3.3.2. Le Conseil fédéral a été saisi, en été 2020, de deux postulats concernant le Hezbollah (20.3650 Binder-Keller et 20.3824 Pfister), le chargeant d'établir un rapport aussi bien sur les activités de ce groupe que sur la nécessité de l'inscrire "sur la liste des organisations terroristes" (selon le communiqué publié le 2 novembre 2022 sur le site https://www.news.admin.ch/fr/nsb?id=91070).
Le rapport rédigé à cette suite (consultable via le lien disponible sur ce même site), approuvé en séance plénière le 2 novembre 2022, met notamment en exergue les éléments suivants :
· le Hezbollah, mouvement islamiste chiite libanais, conduit trois types d'activité au Liban : politique (il "fournit un ou deux ministres" depuis 2005), sociopolitique (il crée/gère diverses institutions, telles que des hôpitaux, écoles, etc.) et paramilitaire (pages 5 à 6);
· sur le plan international : le Conseil de sécurité de l'ONU ne qualifie pas ce mouvement d'organisation terroriste; l'Union européenne effectue une distinction entre les "ailes" politique et militaire du groupe, seules certaines sous-organisations de la branche armée étant considérées comme terroristes; cinq membres de l'Union européenne ont inscrit "l'organisation globale" du Hezbollah sur leur liste des organisations terroristes et/ou ont décrété une interdiction, sur leur sol, des activités de ce groupe (Lituanie, Estonie, Pays-Bas, République tchèque et Allemagne; page 12);
· en Suisse : les tribunaux ne se sont pas prononcés, en l'état, sur la question de savoir si le Hezbollah revêt, ou non, la qualification d'organisation terroriste au sens de l'art. 260ter CP (pages 19 à 20).
Le Conseil fédéral conclut, au terme de ce rapport, qu'il n'y a pas lieu d'adopter une ordonnance ou une loi spécifique qualifiant le Hezbollah d'organisation terroriste et interdisant ce mouvement en Suisse. En effet, cela entraînerait des conséquences négatives "du point de vue du déploiement de la diplomatie", alors que le cadre légal actuel (i.e. les mesures policières de lutte contre le terrorisme ainsi que les décisions que les tribunaux pourront être amenés à rendre en application de l’art. 260ter CP) est efficace et suffisant pour prévenir/réprimer la commission d’éventuels actes terroristes par des personnes liées au Hezbollah (pages 21 à 22; cf. également le communiqué du 2 novembre 2022 précité).
3.4. En l'occurrence, le mis en cause a affirmé, lors de l’audience du 3 mars 2025, que le recourant "fai[sai]t partie d’un groupe qui s’appelle le Hezbollah".

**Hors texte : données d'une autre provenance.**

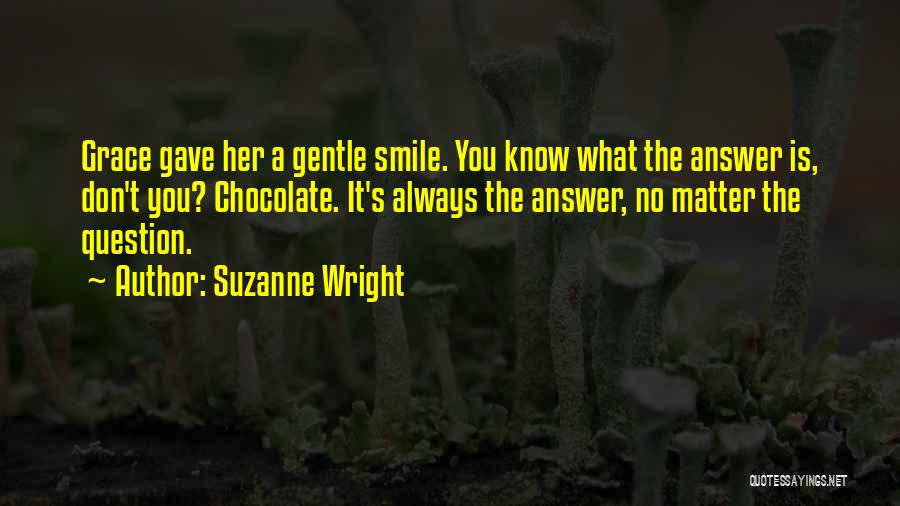 Suzanne Wright Quotes: Grace Gave Her A Gentle Smile. You Know What The Answer Is, Don't You? Chocolate. It's Always The Answer, No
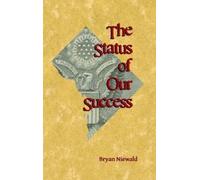 Bryan Niewald The Status of Our Success (Copertina rigida)
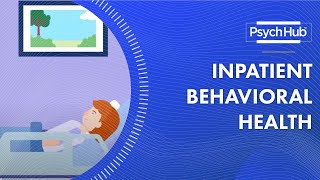 Inpatient Behavioral Health [upl. by Franky]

3.4.1. Cette assertion ne comprend aucune référence explicite à des actes de terrorisme.
Quant aux propos qui l’ont précédée – à savoir que le recourant aurait menacé le mis en cause et que tous deux appartenaient à des confessions religieuses différentes –, ils sont impropres à associer le recourant à la commission de tels actes.

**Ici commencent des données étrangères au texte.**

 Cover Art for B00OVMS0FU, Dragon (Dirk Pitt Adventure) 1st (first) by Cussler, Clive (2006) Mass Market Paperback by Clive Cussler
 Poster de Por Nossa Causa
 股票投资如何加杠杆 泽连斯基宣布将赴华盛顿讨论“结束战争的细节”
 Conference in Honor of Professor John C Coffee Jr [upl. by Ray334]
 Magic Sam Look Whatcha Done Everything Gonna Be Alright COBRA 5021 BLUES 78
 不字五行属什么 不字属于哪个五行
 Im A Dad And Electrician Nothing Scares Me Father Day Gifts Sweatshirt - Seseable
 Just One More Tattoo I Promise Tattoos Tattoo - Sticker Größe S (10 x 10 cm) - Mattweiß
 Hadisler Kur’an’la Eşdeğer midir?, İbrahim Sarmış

3.4.2. Ce dernier estime que la simple mention de son appartenance au Hezbollah l’assimilerait, implicitement, à un terroriste, eu égard au caractère de cette organisation.

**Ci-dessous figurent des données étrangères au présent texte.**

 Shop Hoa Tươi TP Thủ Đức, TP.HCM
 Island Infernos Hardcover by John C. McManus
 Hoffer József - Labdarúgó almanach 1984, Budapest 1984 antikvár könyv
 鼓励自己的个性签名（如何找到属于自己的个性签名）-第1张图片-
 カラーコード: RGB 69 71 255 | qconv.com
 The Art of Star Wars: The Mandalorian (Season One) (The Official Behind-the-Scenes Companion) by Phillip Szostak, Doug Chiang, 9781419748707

Pour déterminer si une déclaration est attentatoire à l’honneur au sens de l’art. 174/173 CP, il convient de se fonder sur les conceptions admises en Suisse, à l’exclusion de celles – éventuellement différentes – prévalant à l'étranger.
Or, au jour du prononcé du présent arrêt, aucune des autorités citées au considérant 3.3.1 supra n’a qualifié le Hezbollah de mouvement terroriste.
En effet, le Conseil fédéral a estimé, dans son rapport du 2 novembre 2022 susmentionné, qu’il n’y avait pas lieu d'adopter une ordonnance ou une loi spécifique sur ce point.
Pour leur part, les tribunaux n’ont, à la meilleure connaissance de la Chambre de céans, pas eu à se prononcer sur le statut de ce groupe en lien avec l’art. 260ter CP.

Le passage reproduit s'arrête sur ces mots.